JAKARTA| AnalisasiberNews.com – Wakil Komandan (Wadan) Kodiklat TNI Angkatan Laut (Kodiklatal), Laksda TNI Singgih Sugiarto, menghadiri Upacara Prasetya Perwira (Praspa) Pendidikan Pertama Perwira Prajurit Karier (Dikmapa PK) TNI Reguler Gelombang I Tahun Anggaran 2026 yang dipimpin langsung oleh Panglima TNI, Jenderal TNI Agus Subiyanto. Upacara berlangsung di Lapangan Prima TNI, Mabes TNI, Cilangkap, Jakarta Timur, pada Senin (27/7/2026).

Upacara Prasetya Perwira merupakan salah satu momen penting dalam proses pembinaan personel TNI. Kegiatan ini tidak hanya menandai pengangkatan resmi para lulusan menjadi perwira, tetapi juga menjadi simbol dimulainya pengabdian kepada bangsa dan negara melalui institusi Tentara Nasional Indonesia. Para perwira yang dilantik diharapkan mampu menjadi pemimpin yang memiliki integritas tinggi, profesional dalam menjalankan tugas, serta siap menghadapi berbagai tantangan pertahanan di era modern.

Dalam upacara tersebut, Panglima TNI secara resmi melantik 734 Perwira TNI, yang terdiri atas 438 Perwira TNI Angkatan Darat, 203 Perwira TNI Angkatan Laut, dan 93 Perwira TNI Angkatan Udara. Pelantikan ini menjadi tonggak awal bagi para perwira muda untuk mengemban amanah sebagai garda terdepan dalam menjaga kedaulatan Negara Kesatuan Republik Indonesia (NKRI), sekaligus memperkuat kesiapan TNI dalam menghadapi dinamika lingkungan strategis yang terus berkembang.
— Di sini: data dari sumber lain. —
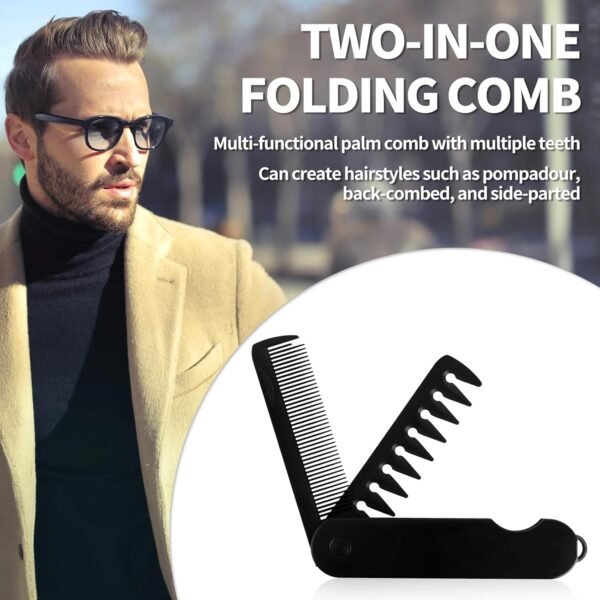 2-in-1 Folding Pocket Comb For Men | Fine & Wide Tooth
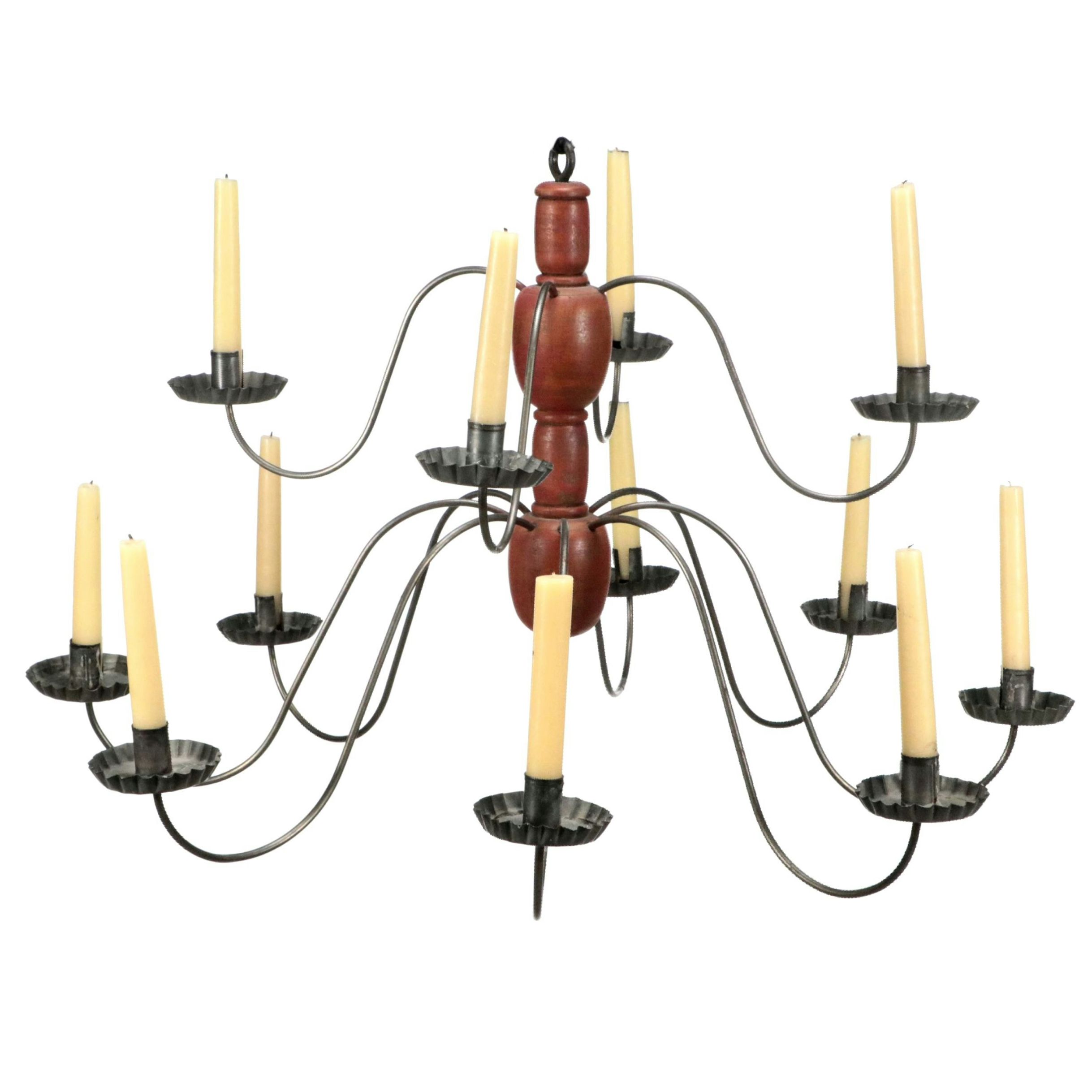 David T. Smith Tin and Turned Wood Candlestick Chandelier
Dalam amanatnya, Panglima TNI menegaskan bahwa tantangan tugas TNI ke depan semakin kompleks dan dinamis. Perkembangan teknologi, perubahan geopolitik, serta berbagai bentuk ancaman yang terus berkembang menuntut setiap prajurit, khususnya para perwira, untuk memiliki kemampuan berpikir strategis, adaptif terhadap perubahan, serta mampu mengambil keputusan secara cepat, tepat, dan bertanggung jawab.
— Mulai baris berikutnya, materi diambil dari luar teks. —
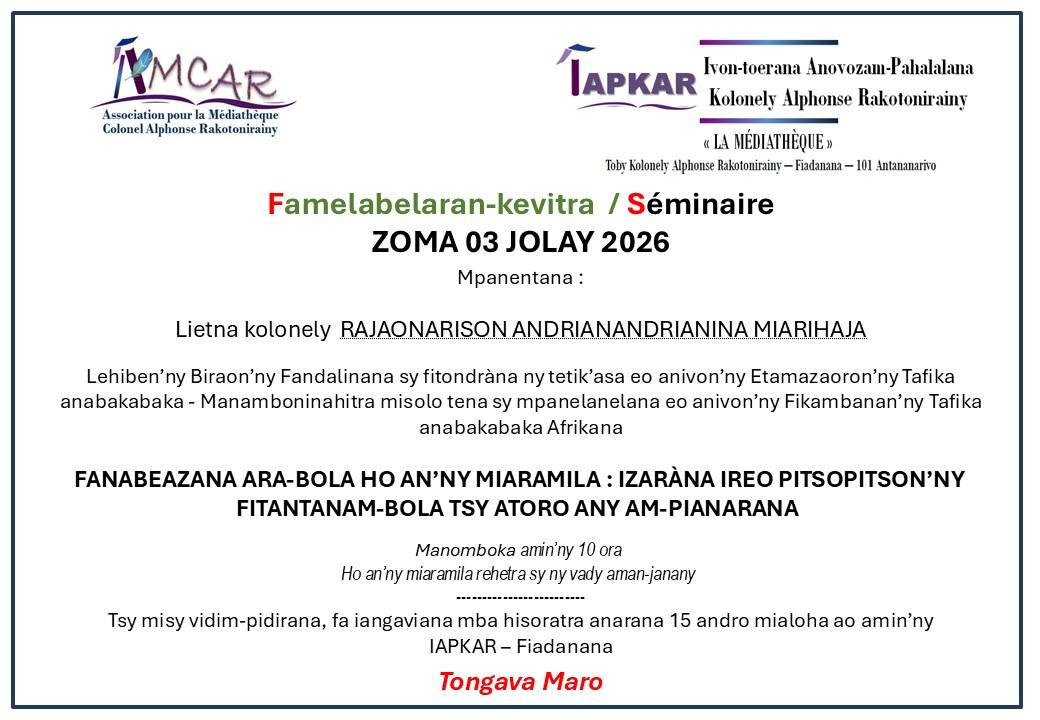 Seminaire 03 juillet 2026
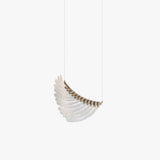 Modern Tiered Palmette Acrylic Chandelier with Ribbed Leaf Design and Chrome Finish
Panglima TNI juga menekankan pentingnya menjaga integritas, profesionalisme, disiplin, dan loyalitas dalam setiap pelaksanaan tugas. Nilai-nilai tersebut merupakan fondasi utama yang harus dimiliki setiap perwira dalam mengemban amanah sebagai pemimpin di lingkungan TNI. Selain itu, seluruh perwira diingatkan agar senantiasa menjaga netralitas TNI, sebagai komitmen institusi dalam mempertahankan kepercayaan masyarakat serta menjaga kehormatan organisasi.
Menurut Panglima TNI, seorang perwira tidak hanya dituntut memiliki kemampuan akademik dan keterampilan militer, tetapi juga harus mampu menjadi teladan bagi anggotanya, memiliki karakter yang kuat, menjunjung tinggi etika keprajuritan, serta mengedepankan kepentingan bangsa dan negara di atas kepentingan pribadi maupun golongan.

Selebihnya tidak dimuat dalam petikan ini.